FIVE WEEKS.   35 days from today, this kid comes home.  He is the glue and the Chi of our family and 2 years is a long time to be missing someone so important. The #greatwhitehope will be home soon. #lithuaniaexpress

Exactly 5 weeks from today, a mere 35 days, my brother will return home from his two year mission in Lithuania.  He has finally started to hint, just a little, in his letters that he will in fact be coming home.  He has received notice from the "U" that they are waiting for him to return.  He is the topic, or falls into nearly every conversation my boys and I have with each other.

I think I've posted this statement before, but according to my mom (and I wholeheartedly agree), this brother of mine is the "glue" that keeps our family together.  Well, when the glue is gone for two years, things don't really fall apart, but sometimes, the hole that is left in his place feels really big.  Too big to fill up any other way.  I've been an emotional mess lately - not worth mentioning really, but I think that in several aspects of my life, the word "Basket-case" is written in bold letters across my forehead.  One night, a week or so ago, after unloading yet another basket-case full of worry onto my husband before we fell asleep (perfect timing, right?) he said to me, that I need my brother home.  That I'm done missing him and I just need him back, where I can see him and talk to him every day.

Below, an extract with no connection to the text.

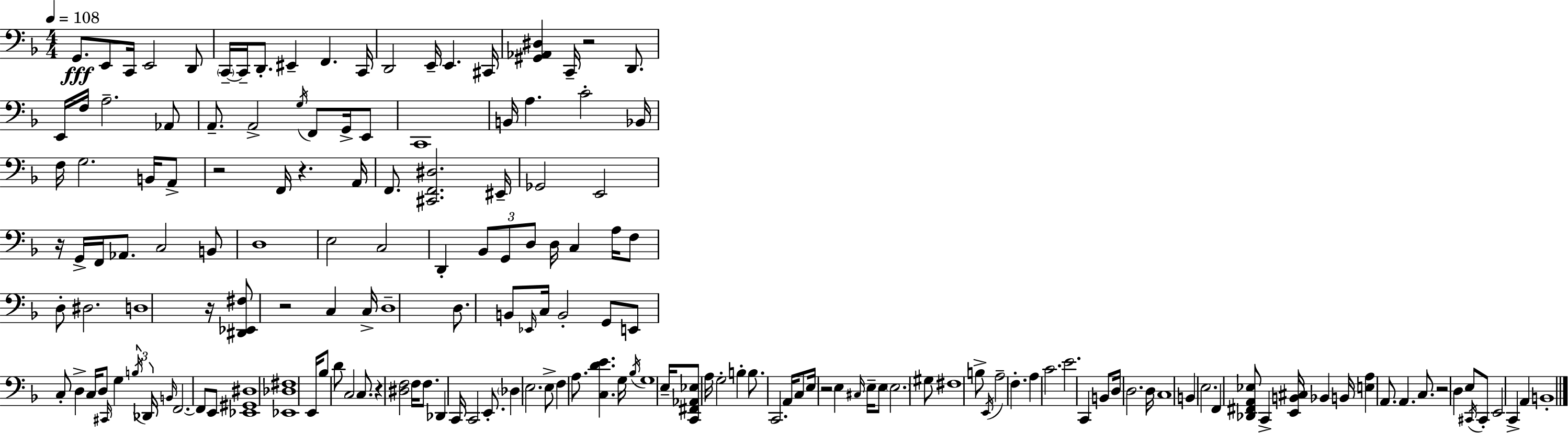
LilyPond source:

I know that I miss him more now, on the cusp of his return, that I did when he left.  In my mind, I can see him coming down the escalator at the airport, doing his little fake yell/scream with his hands waving in the air, dropping his stuff and charging for my mom, then my dad, then if he goes in sister age order, me.  But I'm sure that the kids will attack him first.  It's so exciting to think about and talk about, and shed the happiest little tears about.

So close.  Closer every single day.

Saturday, January 23, 2016

Elliott is NINE!

IMGP0005


Happy Birthday, Elliott!

Let me start by saying that I thought EIGHT, was your best year ever, but NINE?  Holy cow, it's going to be huge.  As I think about the last year, I really can only think about how much I loved you being eight.  In your eighth year, you and I became friends again.  We didn't fight as much, or yell at each other like we used to.  You like to talk to me, you like to show me the things that you've drawn, or made, or built in Mine Craft.  You ask me really hard science questions in the car.  And, if I'm really lucky, you'll sit next to me on the couch, on purpose, and sort of try to sneakily lay your head on my shoulder.  That, my boy, makes my day.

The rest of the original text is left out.